Carl M. Cannon at RealClearPolitics on the premise of covering the Gosnell trial Combining an ethnography of newspapers in the 1970's, 1980's, and 1990's with the ongoing debate about media coverage of the Kermit Gosnell murder trial, Carl M. Cannon considers whether abortion is a "sacred cow" of journalism, a subject to be addressed hesitantly or not at all. "It is possible to read that entire grand jury report — and to cover this man’s murder trial — and still believe strongly in the need for women in our society to maintain control over their reproductive rights. But the elite media seem to have been unwilling to take that chance," Cannon argues, after seizing on Barack Obama's comment to pastor Rick Warren, in 2008, that determining when a fetus obtained certain rights was "above his pay-grade." "The exchange between Warren and Obama succinctly illustrates how the sides in this debate talk past one another. Those opposed to abortion frame the question as being about the rights of the unborn. Those who defend it talk about abortion as being integral to a woman’s right to control her own body, a necessity that trumps theological teaching or scientific advancement." An recent exchange on Twitter, between Slate's Matt Yglesias and The Daily Beast's Justin Green, revealed this dynamic. "I think [Gosnell's behavior is] shocking because he was performing illegal procedures with unlicensed personnel in unsafe facilities," explained Yglesias. "It's shocking because he cut the spinal cords of babies," Green responded.
Jonathan Chait at New York on the inaccuracies of Carmen Reinhart and Kenneth Rogoff Is a central assumption of the fiscal debate an out-and-out lie?

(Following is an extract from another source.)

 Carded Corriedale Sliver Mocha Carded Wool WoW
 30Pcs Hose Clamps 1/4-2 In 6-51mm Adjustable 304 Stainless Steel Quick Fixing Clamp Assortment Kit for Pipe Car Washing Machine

Appraising a widely-discussed paper that discovered an Excel coding error in the work of Harvard economists Carmen Reinhart and Kenneth Rogoff, Jonathan Chait argues that Reinhart and Rogoff's most famous declaration, that "the national debt causes the economy to slow once it reaches 90 percent of the size of GDP," has achieved widespread currency in policy discussions despite its already-apparent confusion of correlation and causation. "The political debate has been dominated by an imaginary fear," Chait says. "As a result, we’ve endured mass unemployment, a phenomenon with enormous and very long-term consequences." Slate's Matt Yglesias was even clearer in his critique of Reinhart and Rogoff: "[Theirs] is literally the most influential article cited in public and policy debates about the importance of debt stabilization, so naturally this is going to change everything. Or, rather, it will change nothing. As I've said many times, citations of the Reinhart/Rogoff result in a policy context obviously appealing to a fallacious form of causal inference." But it's unlikely that will diminish the paper's currency in Washington. "The fact that Reinhart/Rogoff was widely cited despite its huge obvious theoretical problems leads me to confidently predict that the existence of equally huge, albeit more subtle, empirical problems won't change anything either."